PROVIDED DATA:
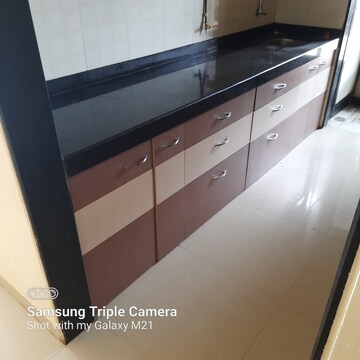Kitchen in 1 BHK Apartment at Haware IPSA, Ghatkopar East – for Rent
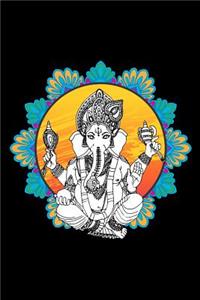 Hinduism Religious Notebook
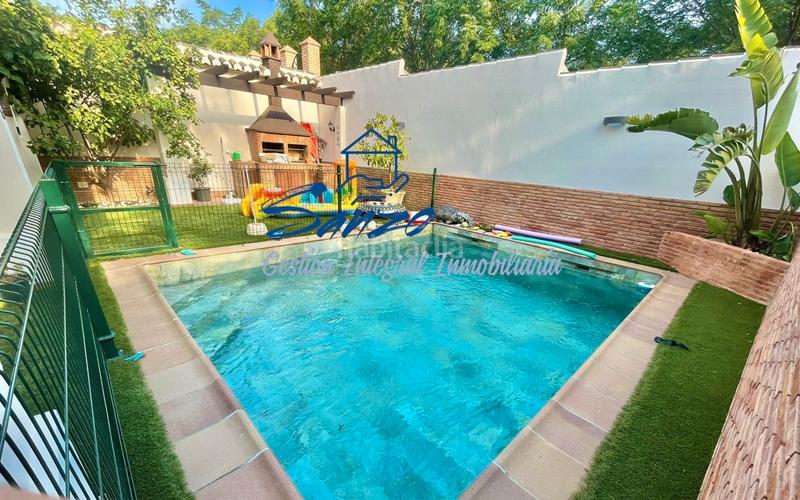 Foto 7035c42a-24e5-4ce3-9b8c-d5c5158ac932. Chalet  con piscina en Fuentemora Antequera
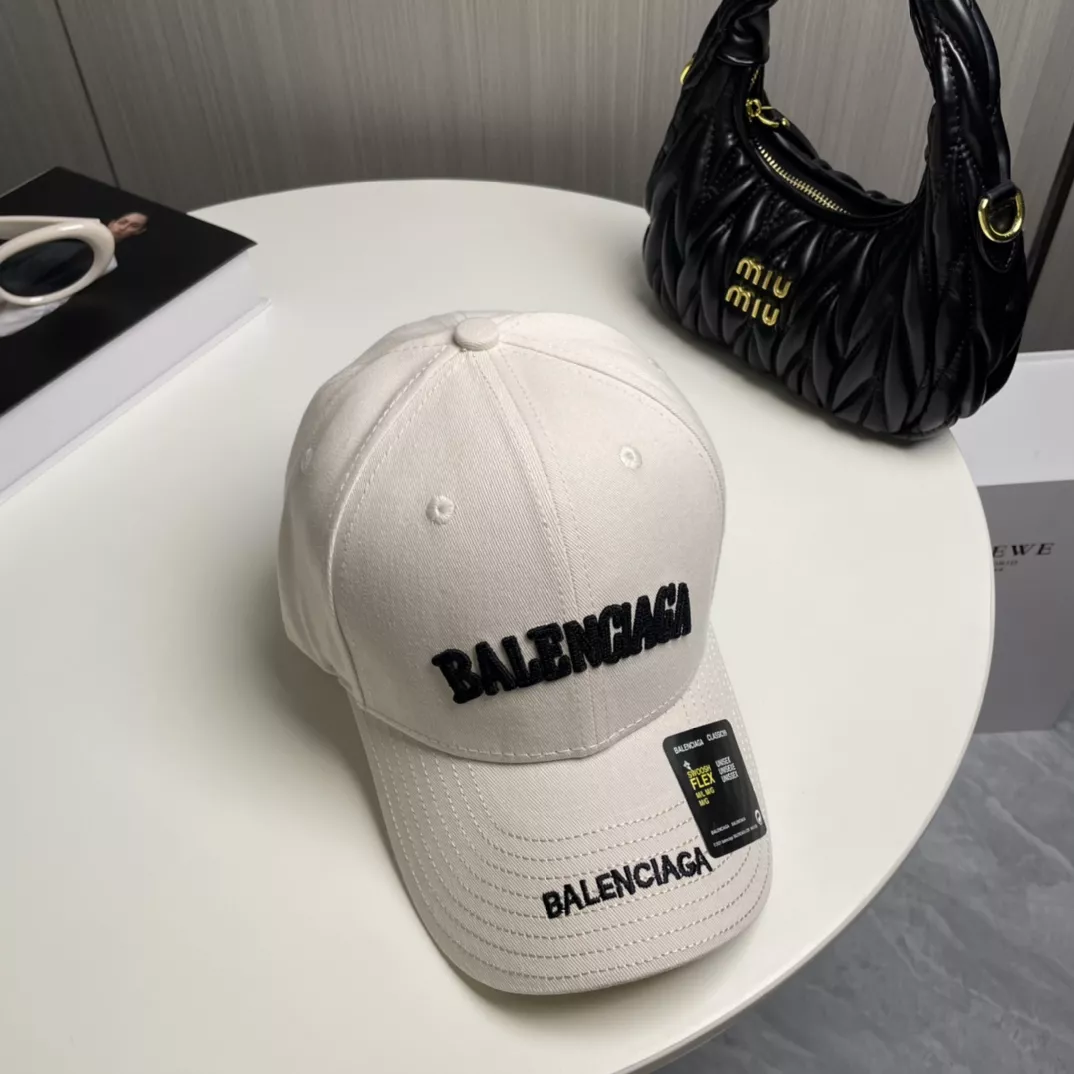 Balenciaga Caps Lightweight 1171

TASK BRIEF: Leave out the pictures, and write out all the remaining data above exactly.

ANSWER TO THIS TASK:
Kitchen in 1 BHK Apartment at Haware IPSA, Ghatkopar East – for Rent
 Hinduism Religious Notebook
 Foto 7035c42a-24e5-4ce3-9b8c-d5c5158ac932. Chalet  con piscina en Fuentemora Antequera
 Balenciaga Caps Lightweight 1171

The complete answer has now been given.